Goal of the exercise:
Say how many lines below contain the word "image". The number is the entire reply.

● ● ● ● ●

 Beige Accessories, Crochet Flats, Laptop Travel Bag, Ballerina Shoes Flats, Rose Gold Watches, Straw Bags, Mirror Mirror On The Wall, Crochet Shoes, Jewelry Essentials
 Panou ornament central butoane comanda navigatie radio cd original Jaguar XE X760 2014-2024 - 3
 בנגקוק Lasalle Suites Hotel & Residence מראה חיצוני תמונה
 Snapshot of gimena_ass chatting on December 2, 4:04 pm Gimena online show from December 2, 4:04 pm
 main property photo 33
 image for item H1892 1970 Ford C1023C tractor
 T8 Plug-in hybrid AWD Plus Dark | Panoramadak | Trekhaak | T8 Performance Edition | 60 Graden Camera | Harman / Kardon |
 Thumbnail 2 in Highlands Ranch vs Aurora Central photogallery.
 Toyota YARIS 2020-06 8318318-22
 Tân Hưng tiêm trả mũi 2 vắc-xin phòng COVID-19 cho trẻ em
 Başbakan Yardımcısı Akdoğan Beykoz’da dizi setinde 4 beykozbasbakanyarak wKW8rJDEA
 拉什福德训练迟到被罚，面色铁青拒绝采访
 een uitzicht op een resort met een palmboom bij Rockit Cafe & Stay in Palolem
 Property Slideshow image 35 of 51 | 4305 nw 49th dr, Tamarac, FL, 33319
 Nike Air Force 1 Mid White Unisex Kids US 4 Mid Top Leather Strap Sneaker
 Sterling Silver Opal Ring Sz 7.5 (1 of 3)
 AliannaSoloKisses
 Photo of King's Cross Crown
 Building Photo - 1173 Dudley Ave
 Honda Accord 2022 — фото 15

● ● ● ● ●

Response to the task:
2